## [GIVEN ENTRIES]
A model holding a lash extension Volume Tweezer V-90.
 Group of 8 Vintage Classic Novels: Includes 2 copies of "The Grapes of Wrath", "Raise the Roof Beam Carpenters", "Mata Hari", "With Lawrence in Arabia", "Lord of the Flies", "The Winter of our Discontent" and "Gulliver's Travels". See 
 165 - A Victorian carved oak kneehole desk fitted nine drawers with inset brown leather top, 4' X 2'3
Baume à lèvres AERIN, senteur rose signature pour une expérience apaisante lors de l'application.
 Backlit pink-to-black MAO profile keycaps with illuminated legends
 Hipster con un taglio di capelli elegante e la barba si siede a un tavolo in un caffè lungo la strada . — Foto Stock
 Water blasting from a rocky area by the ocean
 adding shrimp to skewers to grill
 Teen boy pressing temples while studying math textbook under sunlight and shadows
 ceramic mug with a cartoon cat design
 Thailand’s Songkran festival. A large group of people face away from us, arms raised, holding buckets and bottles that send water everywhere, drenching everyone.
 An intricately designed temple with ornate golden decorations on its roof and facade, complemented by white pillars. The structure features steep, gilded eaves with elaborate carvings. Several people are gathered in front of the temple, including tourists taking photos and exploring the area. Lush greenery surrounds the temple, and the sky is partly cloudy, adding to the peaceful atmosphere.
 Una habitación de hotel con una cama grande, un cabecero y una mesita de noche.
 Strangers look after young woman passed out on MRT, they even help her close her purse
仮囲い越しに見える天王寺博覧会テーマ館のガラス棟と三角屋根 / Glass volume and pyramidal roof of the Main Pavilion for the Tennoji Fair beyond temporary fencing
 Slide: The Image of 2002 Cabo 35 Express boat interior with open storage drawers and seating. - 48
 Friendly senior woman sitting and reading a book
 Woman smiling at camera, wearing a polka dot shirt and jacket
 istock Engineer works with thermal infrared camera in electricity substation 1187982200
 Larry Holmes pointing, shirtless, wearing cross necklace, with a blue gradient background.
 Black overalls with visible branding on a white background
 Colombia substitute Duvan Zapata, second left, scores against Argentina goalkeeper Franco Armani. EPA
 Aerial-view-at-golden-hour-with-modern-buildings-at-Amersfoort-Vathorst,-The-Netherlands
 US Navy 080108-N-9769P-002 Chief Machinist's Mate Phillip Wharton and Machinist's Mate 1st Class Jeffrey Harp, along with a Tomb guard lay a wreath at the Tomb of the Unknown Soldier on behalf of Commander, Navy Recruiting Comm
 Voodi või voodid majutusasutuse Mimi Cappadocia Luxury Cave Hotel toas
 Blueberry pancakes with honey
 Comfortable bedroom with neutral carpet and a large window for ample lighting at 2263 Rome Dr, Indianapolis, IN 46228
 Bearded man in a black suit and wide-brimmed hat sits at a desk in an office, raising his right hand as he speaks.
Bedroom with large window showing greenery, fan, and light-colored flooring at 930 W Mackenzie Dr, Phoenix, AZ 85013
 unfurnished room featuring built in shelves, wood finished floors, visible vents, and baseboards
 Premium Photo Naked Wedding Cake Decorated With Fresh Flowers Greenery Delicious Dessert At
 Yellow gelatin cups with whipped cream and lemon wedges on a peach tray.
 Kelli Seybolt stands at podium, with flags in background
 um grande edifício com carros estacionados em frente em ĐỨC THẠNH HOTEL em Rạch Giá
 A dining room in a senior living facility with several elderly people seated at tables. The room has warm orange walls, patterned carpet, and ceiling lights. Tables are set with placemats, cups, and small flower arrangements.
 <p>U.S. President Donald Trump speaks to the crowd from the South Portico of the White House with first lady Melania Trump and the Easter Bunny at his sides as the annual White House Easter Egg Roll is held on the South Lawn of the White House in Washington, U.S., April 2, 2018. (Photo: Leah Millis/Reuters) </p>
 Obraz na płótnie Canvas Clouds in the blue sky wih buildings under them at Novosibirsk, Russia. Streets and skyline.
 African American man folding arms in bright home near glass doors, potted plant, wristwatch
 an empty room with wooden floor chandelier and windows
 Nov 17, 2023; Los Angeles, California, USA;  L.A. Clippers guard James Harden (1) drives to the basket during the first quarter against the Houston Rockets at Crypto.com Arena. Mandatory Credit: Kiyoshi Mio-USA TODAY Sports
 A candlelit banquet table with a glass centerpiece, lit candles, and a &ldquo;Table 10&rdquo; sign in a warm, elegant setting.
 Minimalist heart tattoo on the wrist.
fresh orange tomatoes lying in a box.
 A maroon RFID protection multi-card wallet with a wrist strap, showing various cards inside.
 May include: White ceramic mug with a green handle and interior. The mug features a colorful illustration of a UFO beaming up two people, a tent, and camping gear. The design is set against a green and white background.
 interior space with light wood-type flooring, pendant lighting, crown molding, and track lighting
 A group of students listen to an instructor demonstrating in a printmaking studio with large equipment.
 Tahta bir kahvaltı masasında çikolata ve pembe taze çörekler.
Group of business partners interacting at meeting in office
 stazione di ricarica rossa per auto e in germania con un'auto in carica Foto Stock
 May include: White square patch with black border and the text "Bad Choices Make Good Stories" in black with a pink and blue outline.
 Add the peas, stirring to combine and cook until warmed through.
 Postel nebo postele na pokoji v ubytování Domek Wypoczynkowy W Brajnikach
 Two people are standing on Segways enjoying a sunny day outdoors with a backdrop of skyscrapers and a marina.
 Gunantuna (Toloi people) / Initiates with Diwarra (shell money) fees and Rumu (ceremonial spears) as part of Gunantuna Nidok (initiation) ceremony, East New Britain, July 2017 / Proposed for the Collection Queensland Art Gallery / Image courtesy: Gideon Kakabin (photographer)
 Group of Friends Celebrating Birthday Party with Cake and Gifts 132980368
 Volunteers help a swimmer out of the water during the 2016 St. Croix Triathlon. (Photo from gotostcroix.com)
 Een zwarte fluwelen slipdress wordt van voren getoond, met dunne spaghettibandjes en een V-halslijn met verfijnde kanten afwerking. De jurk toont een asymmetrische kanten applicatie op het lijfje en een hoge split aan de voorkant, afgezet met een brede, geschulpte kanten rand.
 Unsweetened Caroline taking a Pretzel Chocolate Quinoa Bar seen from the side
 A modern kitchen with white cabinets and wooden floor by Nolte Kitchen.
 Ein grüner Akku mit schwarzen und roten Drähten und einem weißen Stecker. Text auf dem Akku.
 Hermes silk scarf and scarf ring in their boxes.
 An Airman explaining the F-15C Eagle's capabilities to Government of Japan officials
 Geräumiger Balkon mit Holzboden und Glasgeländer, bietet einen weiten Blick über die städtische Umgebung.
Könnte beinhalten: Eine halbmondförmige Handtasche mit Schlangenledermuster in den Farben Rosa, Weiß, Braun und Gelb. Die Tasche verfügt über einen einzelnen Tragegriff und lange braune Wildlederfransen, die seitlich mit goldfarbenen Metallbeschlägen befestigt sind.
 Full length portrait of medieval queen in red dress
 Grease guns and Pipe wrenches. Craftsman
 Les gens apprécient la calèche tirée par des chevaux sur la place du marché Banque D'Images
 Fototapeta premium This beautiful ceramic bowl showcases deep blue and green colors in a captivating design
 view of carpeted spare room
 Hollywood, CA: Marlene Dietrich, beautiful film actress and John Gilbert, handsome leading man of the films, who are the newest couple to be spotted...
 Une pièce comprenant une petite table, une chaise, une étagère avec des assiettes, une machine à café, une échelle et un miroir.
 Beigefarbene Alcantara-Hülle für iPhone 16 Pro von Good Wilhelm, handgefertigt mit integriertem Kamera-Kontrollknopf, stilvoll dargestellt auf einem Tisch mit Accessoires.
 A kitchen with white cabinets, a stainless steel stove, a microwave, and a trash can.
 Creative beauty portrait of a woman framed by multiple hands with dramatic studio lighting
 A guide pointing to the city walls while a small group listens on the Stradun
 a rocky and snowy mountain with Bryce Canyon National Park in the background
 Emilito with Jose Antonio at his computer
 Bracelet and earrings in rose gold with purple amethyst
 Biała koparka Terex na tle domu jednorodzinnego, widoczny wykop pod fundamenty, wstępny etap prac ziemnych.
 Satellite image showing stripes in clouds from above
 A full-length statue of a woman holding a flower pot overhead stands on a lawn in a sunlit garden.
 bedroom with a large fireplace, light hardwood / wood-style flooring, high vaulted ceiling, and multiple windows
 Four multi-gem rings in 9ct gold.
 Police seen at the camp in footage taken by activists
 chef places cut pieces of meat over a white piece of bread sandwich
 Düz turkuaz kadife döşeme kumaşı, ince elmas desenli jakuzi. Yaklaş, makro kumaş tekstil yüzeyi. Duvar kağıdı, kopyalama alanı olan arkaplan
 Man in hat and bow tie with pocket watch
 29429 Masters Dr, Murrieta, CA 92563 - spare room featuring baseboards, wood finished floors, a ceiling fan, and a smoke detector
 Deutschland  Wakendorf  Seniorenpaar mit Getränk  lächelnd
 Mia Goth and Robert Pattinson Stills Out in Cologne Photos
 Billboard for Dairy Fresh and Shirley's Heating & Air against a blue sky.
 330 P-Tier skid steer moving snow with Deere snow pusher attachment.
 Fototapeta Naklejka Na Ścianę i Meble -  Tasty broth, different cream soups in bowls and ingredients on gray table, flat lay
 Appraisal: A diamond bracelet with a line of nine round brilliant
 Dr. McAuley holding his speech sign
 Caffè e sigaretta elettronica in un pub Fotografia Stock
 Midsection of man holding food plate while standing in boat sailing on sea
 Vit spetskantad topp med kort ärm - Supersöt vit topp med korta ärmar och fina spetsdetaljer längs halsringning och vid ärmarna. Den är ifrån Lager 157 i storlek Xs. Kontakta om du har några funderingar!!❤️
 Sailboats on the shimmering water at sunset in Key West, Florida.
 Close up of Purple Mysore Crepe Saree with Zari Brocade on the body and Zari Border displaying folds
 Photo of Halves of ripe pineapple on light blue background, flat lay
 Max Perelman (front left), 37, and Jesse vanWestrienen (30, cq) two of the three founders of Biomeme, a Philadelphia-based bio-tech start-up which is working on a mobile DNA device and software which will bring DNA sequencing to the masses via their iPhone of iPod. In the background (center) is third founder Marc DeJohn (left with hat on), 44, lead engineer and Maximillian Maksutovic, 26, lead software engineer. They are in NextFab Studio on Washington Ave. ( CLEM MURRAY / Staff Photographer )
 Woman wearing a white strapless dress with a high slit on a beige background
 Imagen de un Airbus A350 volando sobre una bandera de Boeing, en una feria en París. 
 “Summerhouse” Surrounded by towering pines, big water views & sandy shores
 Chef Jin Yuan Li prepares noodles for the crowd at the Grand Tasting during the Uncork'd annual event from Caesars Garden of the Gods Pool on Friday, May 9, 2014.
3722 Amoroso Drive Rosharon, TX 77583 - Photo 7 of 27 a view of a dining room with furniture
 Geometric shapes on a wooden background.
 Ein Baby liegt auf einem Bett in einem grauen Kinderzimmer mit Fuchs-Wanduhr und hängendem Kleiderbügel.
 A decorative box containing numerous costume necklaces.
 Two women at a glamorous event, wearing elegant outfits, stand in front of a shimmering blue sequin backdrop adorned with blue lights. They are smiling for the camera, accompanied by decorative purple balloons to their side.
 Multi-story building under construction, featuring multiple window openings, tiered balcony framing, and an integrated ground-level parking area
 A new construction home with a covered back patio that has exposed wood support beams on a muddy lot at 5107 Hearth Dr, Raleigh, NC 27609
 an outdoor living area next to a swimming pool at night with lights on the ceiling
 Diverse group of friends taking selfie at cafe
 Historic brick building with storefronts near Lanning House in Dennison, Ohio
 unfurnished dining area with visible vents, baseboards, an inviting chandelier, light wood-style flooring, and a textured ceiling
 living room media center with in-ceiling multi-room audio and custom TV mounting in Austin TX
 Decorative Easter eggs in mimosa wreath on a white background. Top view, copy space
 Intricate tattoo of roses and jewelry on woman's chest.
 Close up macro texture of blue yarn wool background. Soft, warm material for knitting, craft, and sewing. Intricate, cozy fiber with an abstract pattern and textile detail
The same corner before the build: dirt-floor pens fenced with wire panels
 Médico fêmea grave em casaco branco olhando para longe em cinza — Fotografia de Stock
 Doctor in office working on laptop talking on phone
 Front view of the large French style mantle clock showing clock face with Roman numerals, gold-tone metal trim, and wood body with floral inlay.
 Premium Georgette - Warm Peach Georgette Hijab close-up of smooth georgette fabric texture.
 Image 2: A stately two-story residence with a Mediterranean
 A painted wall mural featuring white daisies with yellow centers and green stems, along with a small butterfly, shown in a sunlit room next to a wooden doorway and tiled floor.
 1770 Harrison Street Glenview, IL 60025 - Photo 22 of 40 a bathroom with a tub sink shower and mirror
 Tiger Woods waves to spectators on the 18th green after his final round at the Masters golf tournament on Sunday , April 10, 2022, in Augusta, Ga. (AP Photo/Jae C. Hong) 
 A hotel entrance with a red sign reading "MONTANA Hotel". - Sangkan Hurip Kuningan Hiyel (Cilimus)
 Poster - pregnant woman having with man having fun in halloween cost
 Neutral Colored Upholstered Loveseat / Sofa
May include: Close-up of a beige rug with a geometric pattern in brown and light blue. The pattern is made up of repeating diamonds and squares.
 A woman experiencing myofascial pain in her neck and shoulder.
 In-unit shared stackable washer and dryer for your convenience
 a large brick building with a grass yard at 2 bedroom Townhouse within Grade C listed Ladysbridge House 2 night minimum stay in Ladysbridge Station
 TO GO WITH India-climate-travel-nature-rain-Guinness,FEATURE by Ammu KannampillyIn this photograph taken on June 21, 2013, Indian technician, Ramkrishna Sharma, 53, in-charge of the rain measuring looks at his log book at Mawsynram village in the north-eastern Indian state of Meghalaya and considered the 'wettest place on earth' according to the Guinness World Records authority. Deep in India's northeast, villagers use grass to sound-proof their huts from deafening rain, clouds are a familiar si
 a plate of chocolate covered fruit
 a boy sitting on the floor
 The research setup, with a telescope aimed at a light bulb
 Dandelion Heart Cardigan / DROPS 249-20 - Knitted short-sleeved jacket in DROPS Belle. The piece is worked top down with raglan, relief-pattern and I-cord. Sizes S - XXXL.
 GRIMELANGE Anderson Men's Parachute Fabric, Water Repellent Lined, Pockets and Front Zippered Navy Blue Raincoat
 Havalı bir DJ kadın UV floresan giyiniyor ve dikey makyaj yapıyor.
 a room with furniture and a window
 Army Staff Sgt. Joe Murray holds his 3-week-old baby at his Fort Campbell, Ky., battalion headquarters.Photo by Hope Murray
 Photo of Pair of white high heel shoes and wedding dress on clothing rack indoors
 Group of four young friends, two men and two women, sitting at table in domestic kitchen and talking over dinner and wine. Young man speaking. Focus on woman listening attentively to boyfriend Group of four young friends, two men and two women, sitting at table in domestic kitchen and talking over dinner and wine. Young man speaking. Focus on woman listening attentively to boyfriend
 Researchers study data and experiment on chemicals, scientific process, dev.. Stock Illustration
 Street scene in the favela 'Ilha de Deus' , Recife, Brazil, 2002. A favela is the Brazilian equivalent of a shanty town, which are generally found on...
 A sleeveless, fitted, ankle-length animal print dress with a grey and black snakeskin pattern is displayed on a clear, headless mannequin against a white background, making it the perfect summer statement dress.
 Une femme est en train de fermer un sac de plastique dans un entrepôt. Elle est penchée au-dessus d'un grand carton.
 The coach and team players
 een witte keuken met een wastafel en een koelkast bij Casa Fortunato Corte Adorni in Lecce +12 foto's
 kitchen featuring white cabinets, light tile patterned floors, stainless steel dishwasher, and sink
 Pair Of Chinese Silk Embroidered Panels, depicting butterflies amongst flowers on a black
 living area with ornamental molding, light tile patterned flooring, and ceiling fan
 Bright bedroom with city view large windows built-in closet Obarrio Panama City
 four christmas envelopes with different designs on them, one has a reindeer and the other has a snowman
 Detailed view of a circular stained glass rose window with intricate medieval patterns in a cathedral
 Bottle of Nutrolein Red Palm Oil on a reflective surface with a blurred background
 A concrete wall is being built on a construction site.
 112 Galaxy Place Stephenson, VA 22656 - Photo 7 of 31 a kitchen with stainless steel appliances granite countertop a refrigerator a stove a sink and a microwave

## [EXERCISE DIRECTIONS]
In the data above, tally the lines holding "plate" and answer with the figure only.

## [SOLUTION BELOW]
2